● Listed entries:
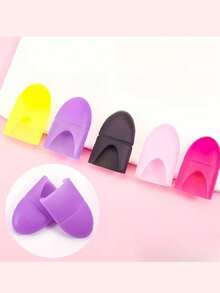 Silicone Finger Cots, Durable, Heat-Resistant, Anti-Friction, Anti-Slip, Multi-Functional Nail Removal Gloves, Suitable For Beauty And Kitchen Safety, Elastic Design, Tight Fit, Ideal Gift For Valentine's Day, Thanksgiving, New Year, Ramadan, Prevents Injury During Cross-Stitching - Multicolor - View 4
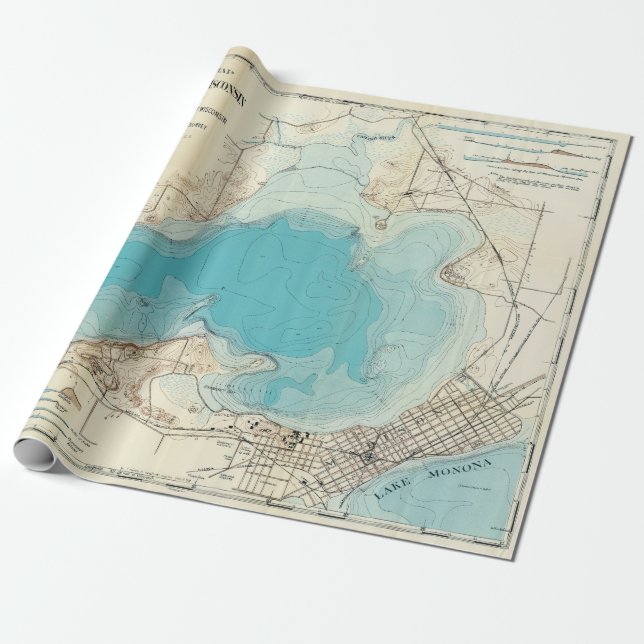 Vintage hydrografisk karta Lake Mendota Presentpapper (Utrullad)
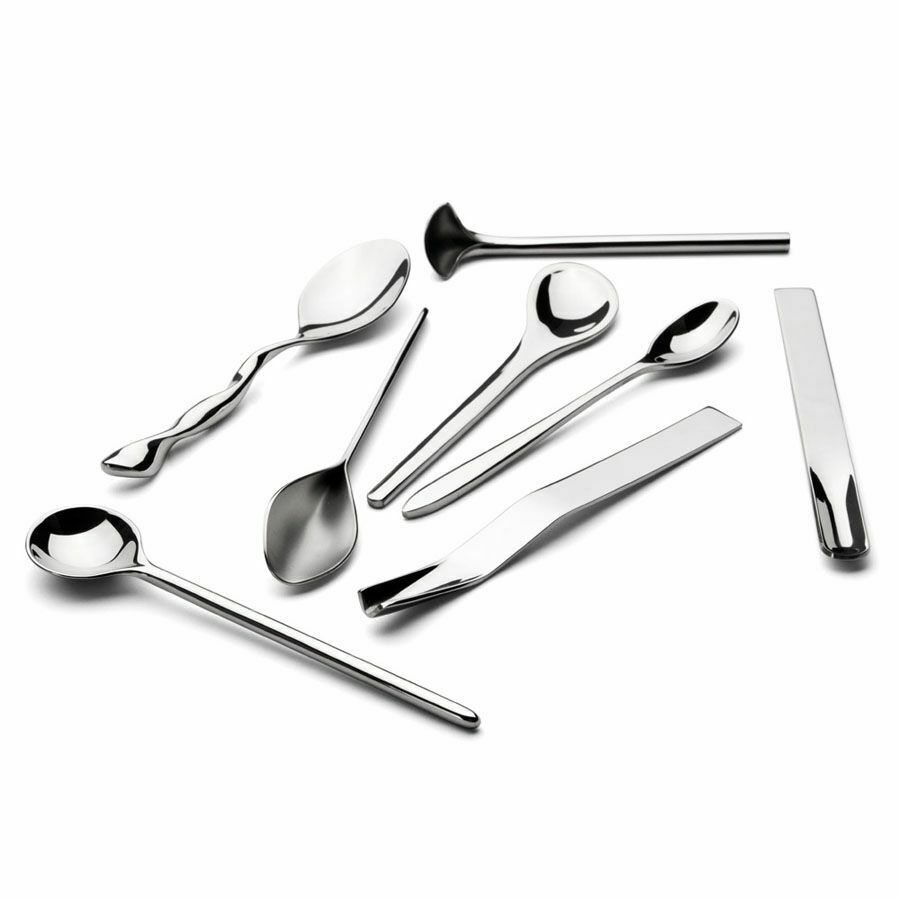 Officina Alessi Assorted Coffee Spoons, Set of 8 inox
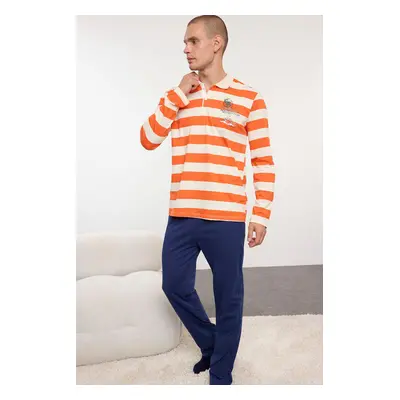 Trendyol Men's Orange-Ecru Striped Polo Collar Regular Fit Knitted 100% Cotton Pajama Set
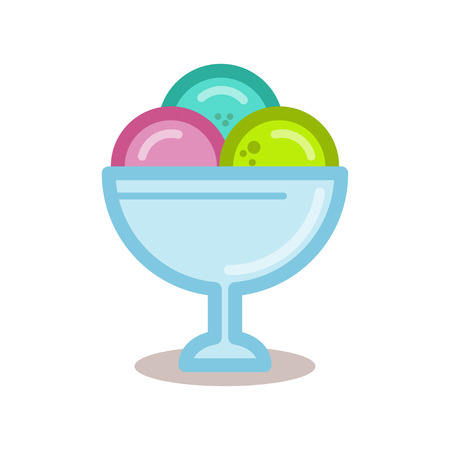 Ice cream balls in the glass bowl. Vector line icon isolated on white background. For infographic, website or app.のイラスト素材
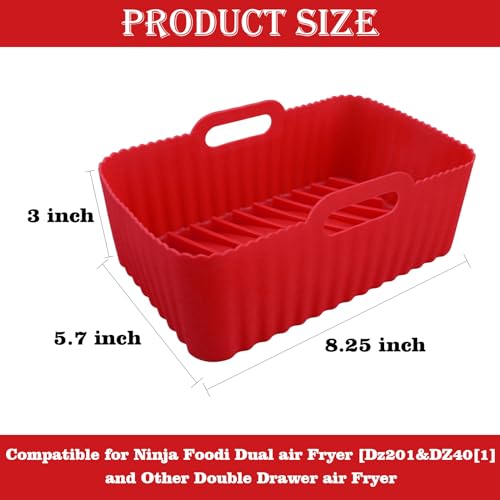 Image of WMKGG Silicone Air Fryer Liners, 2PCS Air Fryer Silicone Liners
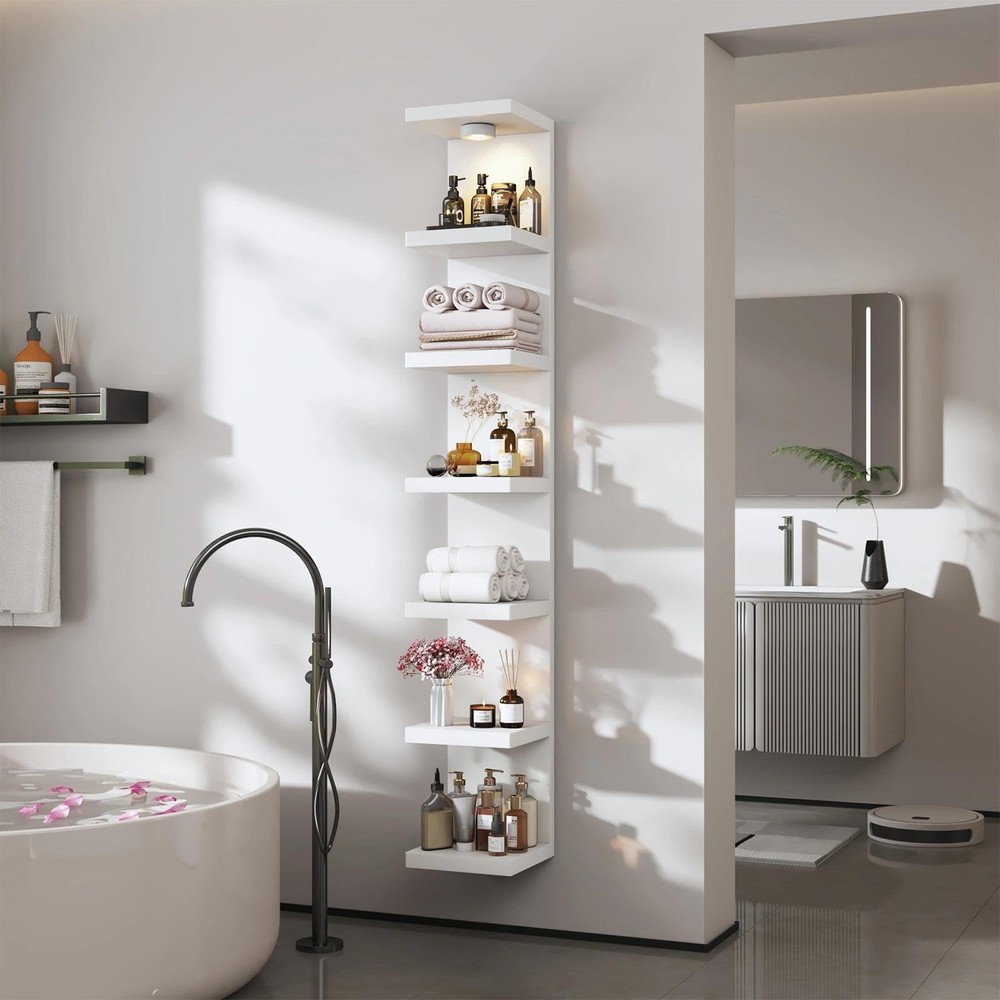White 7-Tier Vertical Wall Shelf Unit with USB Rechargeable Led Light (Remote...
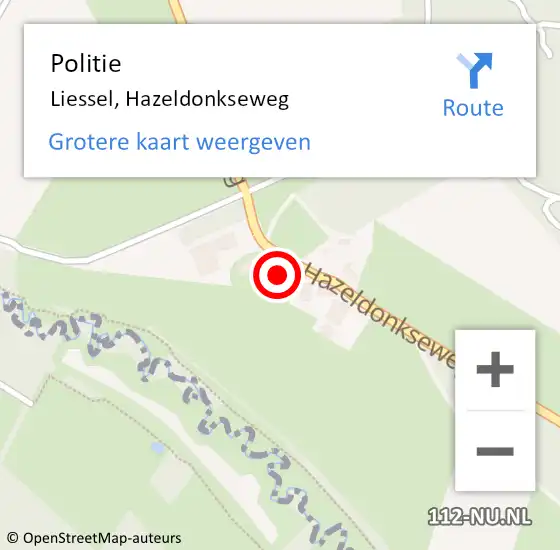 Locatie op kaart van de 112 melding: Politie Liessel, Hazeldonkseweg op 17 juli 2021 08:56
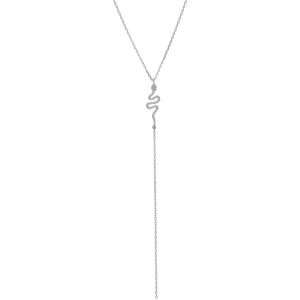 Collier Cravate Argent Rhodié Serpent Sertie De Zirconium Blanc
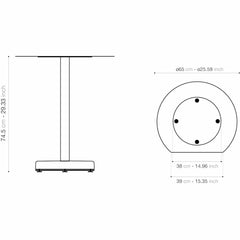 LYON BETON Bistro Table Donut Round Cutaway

● Exercise details:
Once the pictures are set aside, restate the remaining data above exactly.

● Exercise solution:
 Silicone Finger Cots, Durable, Heat-Resistant, Anti-Friction, Anti-Slip, Multi-Functional Nail Removal Gloves, Suitable For Beauty And Kitchen Safety, Elastic Design, Tight Fit, Ideal Gift For Valentine's Day, Thanksgiving, New Year, Ramadan, Prevents Injury During Cross-Stitching - Multicolor - View 4
 Vintage hydrografisk karta Lake Mendota Presentpapper (Utrullad)
 Officina Alessi Assorted Coffee Spoons, Set of 8 inox
 Trendyol Men's Orange-Ecru Striped Polo Collar Regular Fit Knitted 100% Cotton Pajama Set
 Ice cream balls in the glass bowl. Vector line icon isolated on white background. For infographic, website or app.のイラスト素材
 Image of WMKGG Silicone Air Fryer Liners, 2PCS Air Fryer Silicone Liners
White 7-Tier Vertical Wall Shelf Unit with USB Rechargeable Led Light (Remote...
 Locatie op kaart van de 112 melding: Politie Liessel, Hazeldonkseweg op 17 juli 2021 08:56
 Collier Cravate Argent Rhodié Serpent Sertie De Zirconium Blanc
 LYON BETON Bistro Table Donut Round Cutaway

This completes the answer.